15. AMENDMENT. BluHorn shall have the right to change or add to the terms of its Agreement at any time, and to change, delete, discontinue, or impose conditions on any feature or aspect of Software and services (including, but not limited to, Internet-based services, pricing, technical support options, and other product-related policies) upon notice by any means BluHorn determines in its discretion to be reasonable, including posting information concerning any such change, addition, deletion, discontinuance or conditions in Software or on BluHorn’s web site. Any use of the Software by Licensee after BluHorn’s publication of any such changes shall constitute your acceptance of this Agreement as modified.

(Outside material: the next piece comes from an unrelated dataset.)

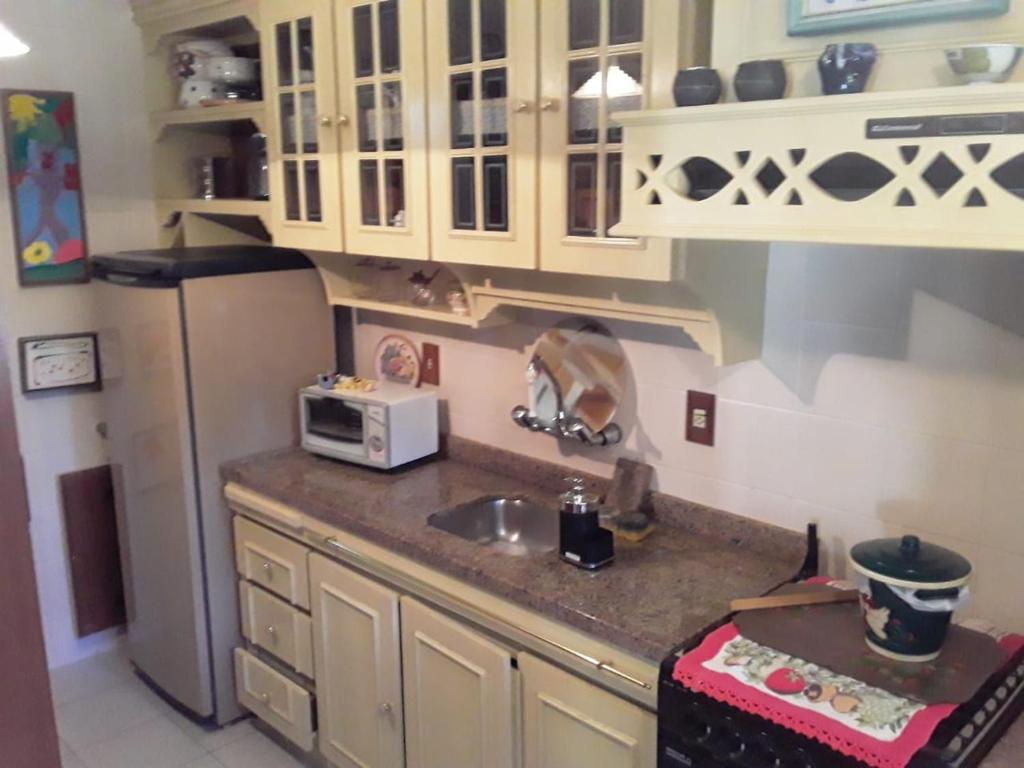 a kitchen with a sink and a refrigerator at Hospede-se no Coração de Gramado in Gramado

16. TERMINATION. Your rights under this Agreement may be terminated or suspended by BluHorn immediately and without notice if you fail to comply with any term or condition of this Agreement. Additionally, BluHorn reserves the right (but has no obligation) to delete all Licensee Access Information and data stored on BluHorn’s servers if the subscription has been terminated or if you have not renewed a subscription for the Software. Upon termination you must immediately cease using the Software and services. Any termination of this Agreement shall not affect BluHorn’s rights hereunder. Further, you agree that, upon termination of the Agreement, BluHorn shall not be liable to you or any third party for any termination of your access to the Software or deletion of the Access Information and data.

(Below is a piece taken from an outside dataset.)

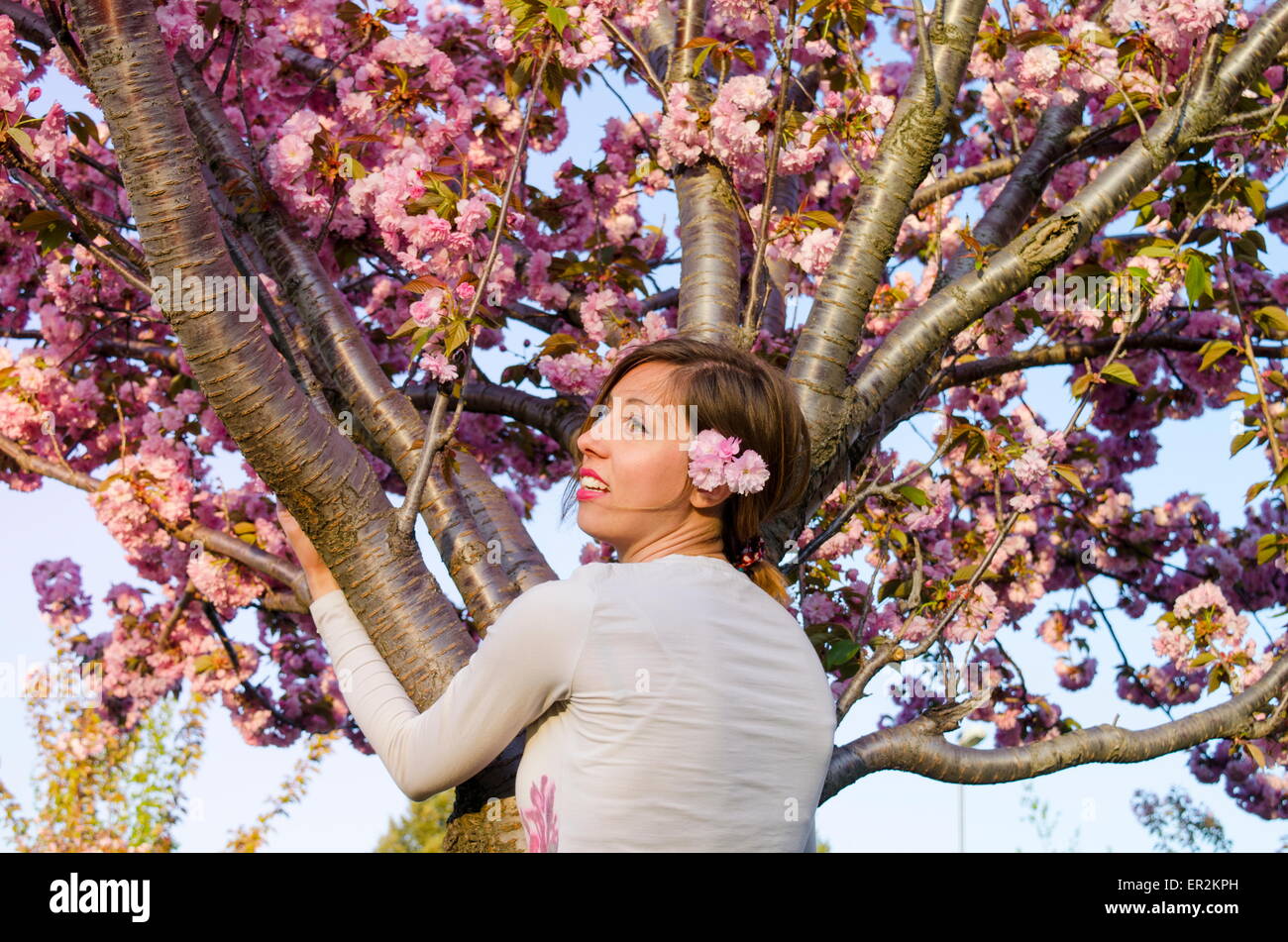 Ragazza giovane con fiori nei capelli abbracciando albero in fiore Foto Stock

17. CANCELLATION POLICY. It is understood that you have agreed to subscribe to BluHorn Solutions Software and services. Once you have so subscribed and agreed to the terms set forth in this Agreement, there will be no ability to cancel prior to the Contract End date specified in Purchase details.

18. DUTIES TO DEFEND, INDEMNIFY AND HOLD HARMLESS. You agree to defend, indemnify and hold harmless BluHorn and its agents, employees, representatives, licensors, affiliates, parents and subsidiaries from and against any and all claims, losses, demands, causes of action and judgments, including attorneys’ fees and court costs, arising from or incurred as a result of your breach of this Agreement and/or as a result of your use of the Software and/or services and to reimburse BluHorn on demand for any losses, costs or expenses it incurs as a result thereof. This obligation will survive the termination of the Agreement.

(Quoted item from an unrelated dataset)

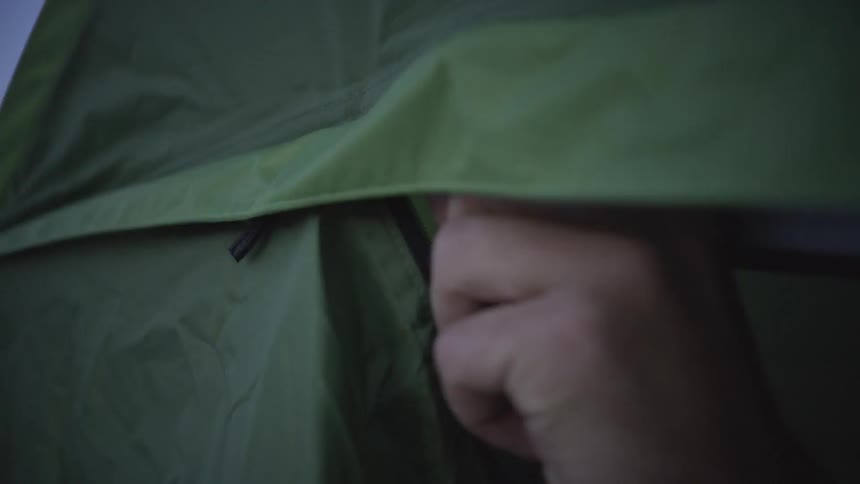 A man is closing the zipper of an opening to a green tent from the inside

19. AGREEMENT CONSTRUCTION. This Agreement is between commercially sophisticated parties and may not be construed and interpreted for or against either party. Each party is aware that each is free to seek independent professional guidance or legal counsel regarding this Agreement. Each party has either sought such guidance or legal counsel or decided, after reviewing the Agreement carefully, to waive such right.

20. AUTHORITY TO SIGN. The Licensee warrants and represents that its representative signing this Agreement has full power and proper authority to sign this Agreement and to bind the Licensee.